### WORK INSTRUCTIONS
The answer must be an exact copy of the lines from the one with "this 1024×769 image." through the final line below, with no pictures and nothing else.

Free-text object descriptions:

========

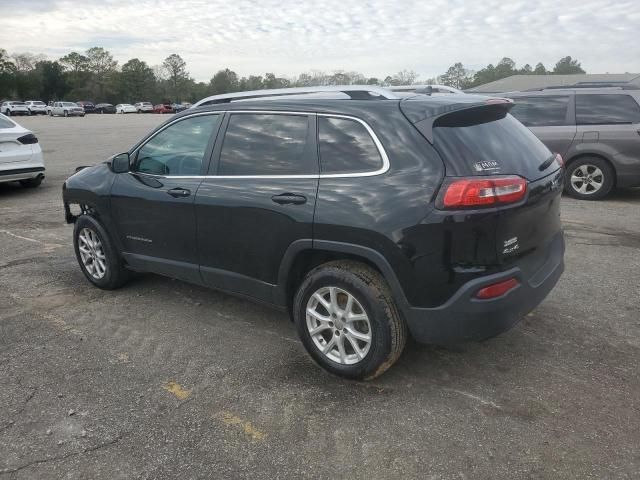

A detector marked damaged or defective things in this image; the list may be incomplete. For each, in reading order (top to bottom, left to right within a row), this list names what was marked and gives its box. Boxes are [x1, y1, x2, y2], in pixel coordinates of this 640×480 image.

cracked pavement [1, 114, 640, 478]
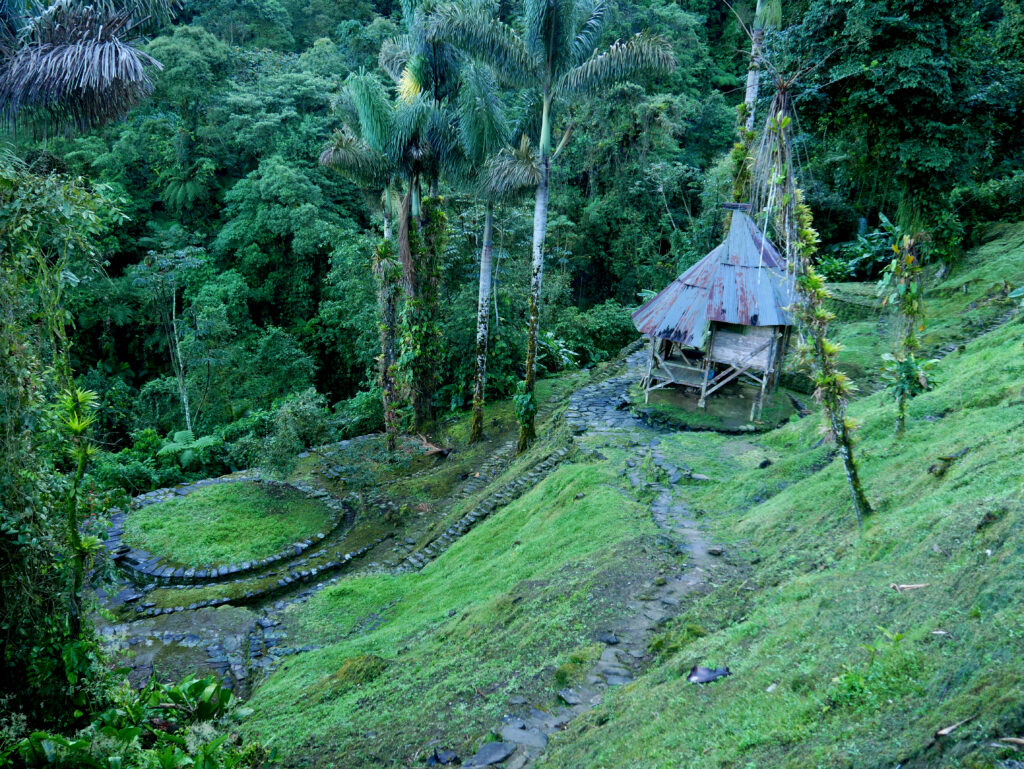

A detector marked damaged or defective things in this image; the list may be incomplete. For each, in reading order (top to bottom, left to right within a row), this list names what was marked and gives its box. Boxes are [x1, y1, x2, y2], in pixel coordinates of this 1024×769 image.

rusted metal roof [630, 207, 790, 346]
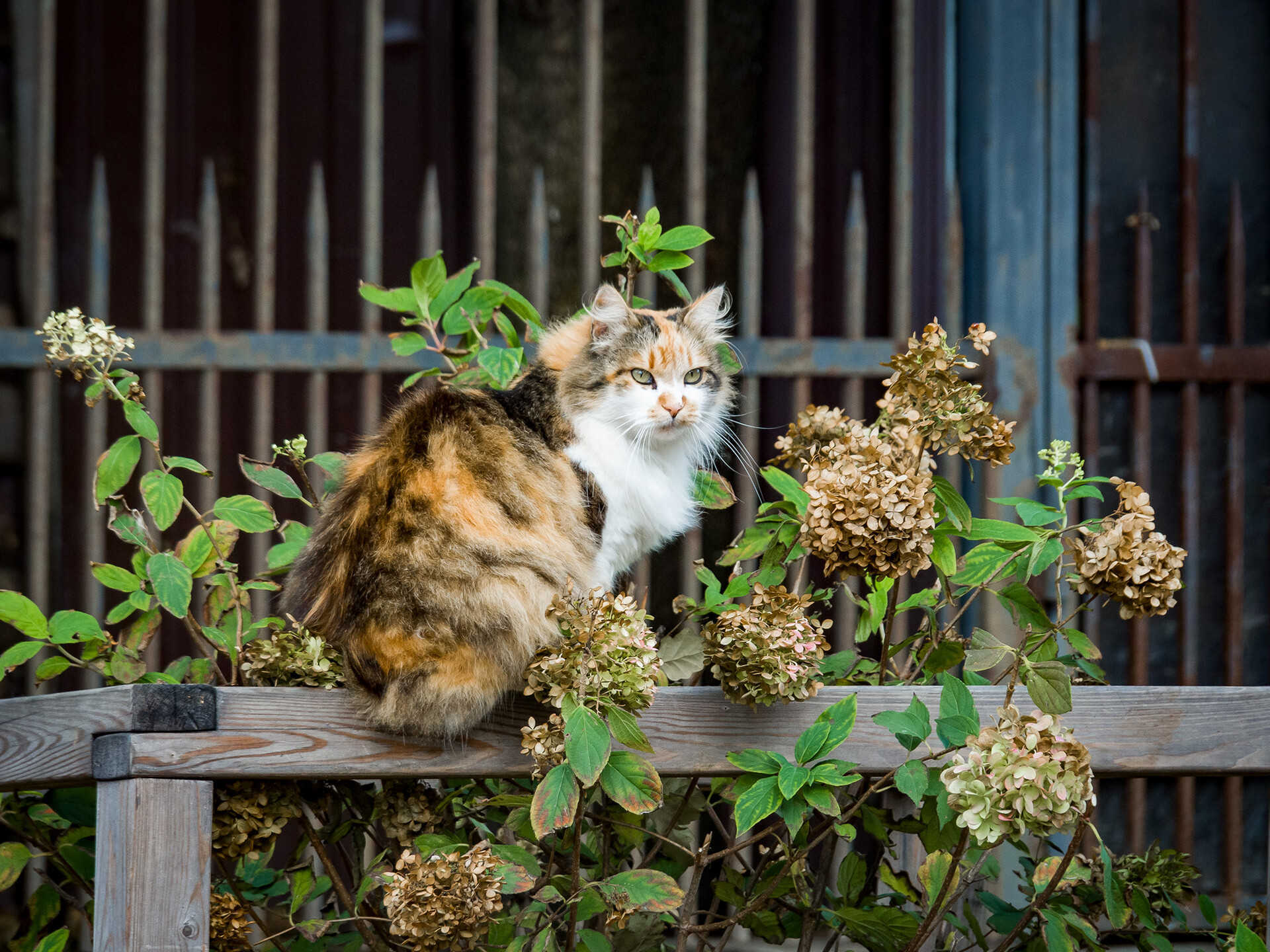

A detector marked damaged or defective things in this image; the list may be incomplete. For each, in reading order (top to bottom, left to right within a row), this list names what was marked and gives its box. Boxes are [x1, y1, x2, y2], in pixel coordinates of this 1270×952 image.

rusty metal bar [83, 159, 109, 695]
rusty metal bar [202, 161, 224, 515]
rusty metal bar [250, 0, 280, 599]
rusty metal bar [306, 162, 330, 492]
rusty metal bar [358, 0, 381, 434]
rusty metal bar [419, 165, 444, 261]
rusty metal bar [475, 0, 497, 275]
rusty metal bar [525, 167, 551, 321]
rusty metal bar [581, 0, 599, 294]
rusty metal bar [685, 0, 706, 294]
rusty metal bar [787, 0, 818, 411]
rusty metal bar [894, 0, 914, 345]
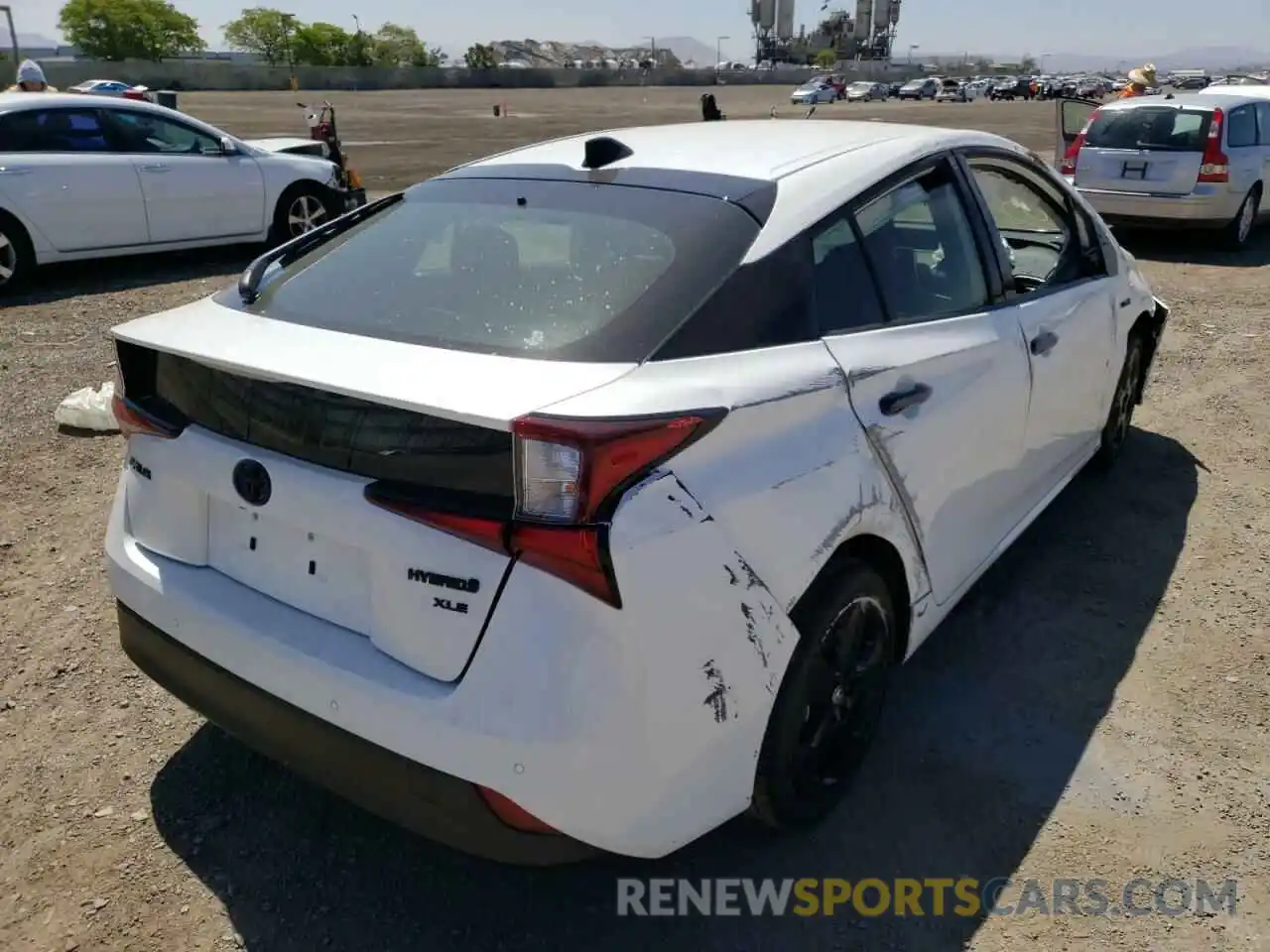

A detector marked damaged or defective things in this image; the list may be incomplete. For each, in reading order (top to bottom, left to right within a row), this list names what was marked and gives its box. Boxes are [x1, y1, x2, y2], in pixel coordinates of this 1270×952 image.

========

### RESPONSE
A detector marked damaged or defective things in this image; the list may be incomplete. For each, in reading order (top to bottom, left to right within a row), this list names what was marked and gives its box. Boxes are [x1, y1, x2, y2], in pixel coordinates of this 1024×769 image.

rusted metal roof [630, 207, 790, 346]

A detector marked damaged or defective things in this image; the list may be incomplete. For each, in reading order (top to bottom, left to right within a row), this list names what was marked and gives its box. Boxes are [x1, y1, x2, y2], in pixel coordinates of this 1270×952 image.

rusty metal bar [83, 159, 109, 695]
rusty metal bar [202, 161, 224, 515]
rusty metal bar [250, 0, 280, 599]
rusty metal bar [306, 162, 330, 492]
rusty metal bar [358, 0, 381, 434]
rusty metal bar [419, 165, 444, 261]
rusty metal bar [475, 0, 497, 275]
rusty metal bar [525, 167, 551, 321]
rusty metal bar [581, 0, 599, 294]
rusty metal bar [685, 0, 706, 294]
rusty metal bar [787, 0, 818, 411]
rusty metal bar [894, 0, 914, 345]

A detector marked damaged or defective things in this image; the list may be incomplete. For each, in reading order (top to bottom, left to right within a row), this list names what was marked and gives its box. Boxes are [x1, y1, x2, y2], in pixel coordinates of this 1270×952 image.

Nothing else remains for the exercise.